The data say utilisation rates extended from 22% for NGLs capacity to 58% for fuel ethanol. Utilisation rates for high-volume products were: motor gasoline 46%, distillate fuel oil 43%, jet fuel and kerosene 45%, and residual fuel oil 44%. Additionally the US has 638.5 million barrels of storage capacity at refineries, which the EIA says was utilised at 54%.
The most encouraging statistics, particularly for storage operators on the US Gulf coast, are for US exports of refined products. Exports started increasing sharply in the middle of the last decade, in 2011 reaching 2.939m b/d – an increase of 27.2% over 2010, and more than double the flow of 2007. The expansion continues: in the first nine months of 2012 the US exported 3.005m b/d of refined products.
The largest single destination is Mexico, which took 570,000 b/d of US products in 2011 of which nearly half was gasoline. Over 40% of 2011 exports flowed to destinations in central and southern America. Accordingly, terminals along the US Gulf coast benefited strongly. Also benefiting the independent terminals is the proliferation of components needed to make gasoline to reformulated and conventional specifications, including ethanol and, for export markets, other oxygenates.

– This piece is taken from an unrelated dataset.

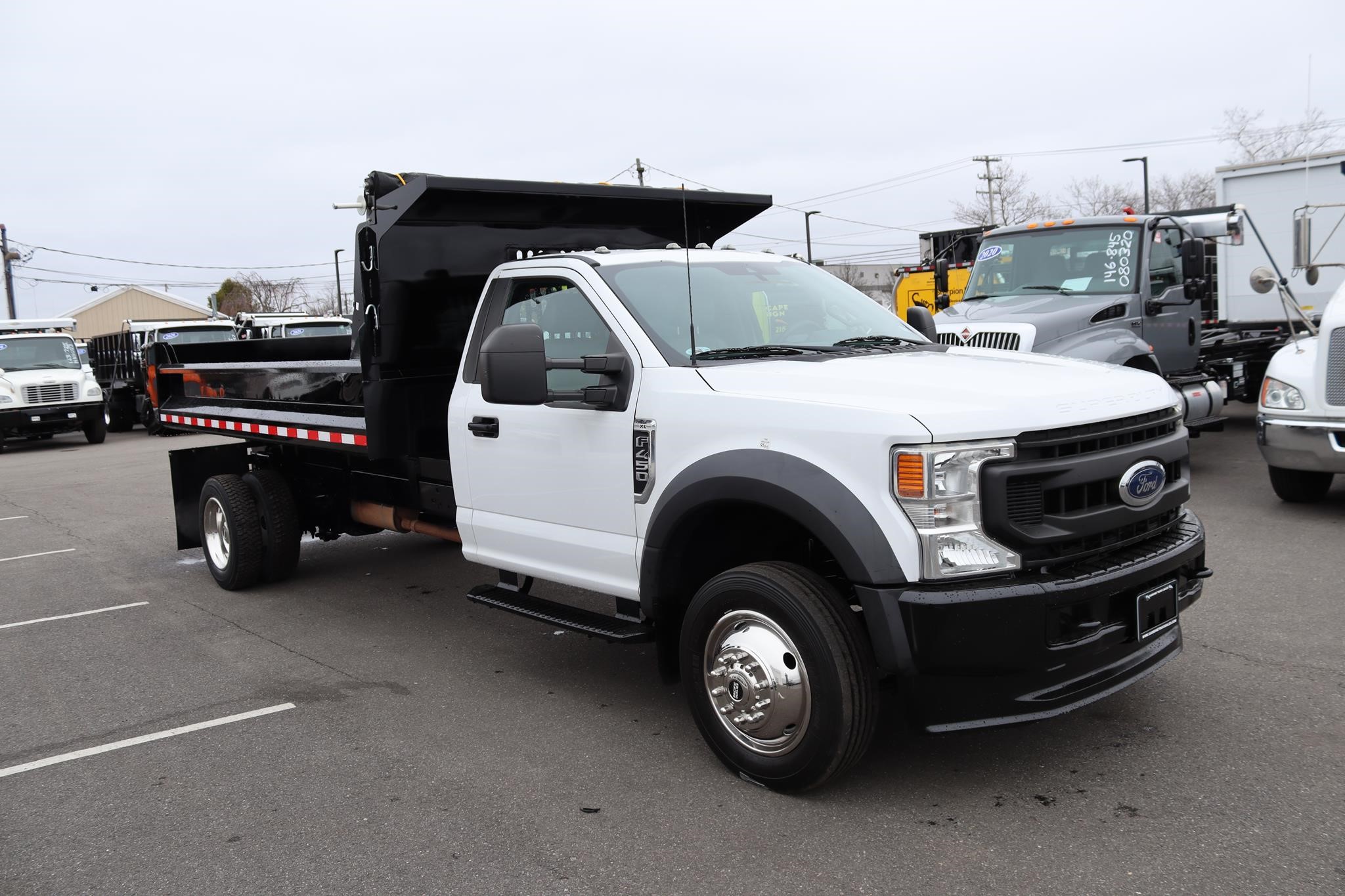 2020 FORD F450 XL - image 5 of 6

Some companies are still adding capacity. Kinder Morgan, the largest US pipeline and terminal operator, says it is "experiencing strong demand for liquids storage capacity" and is investing $880m in three projects. Two are on the Houston Ship Channel – at Battleground Oil Specialty Terminal (Bostco) the first phase of an expansion project will add 6.6m barrels of capacity for residual fuels by third-quarter 2013, and at Galena Park capacity is being constructed for use by BP. At Edmonton terminal in Alberta, Canada, 3.6m barrels of capacity for "merchant and system" use is due to be completed in December 2013.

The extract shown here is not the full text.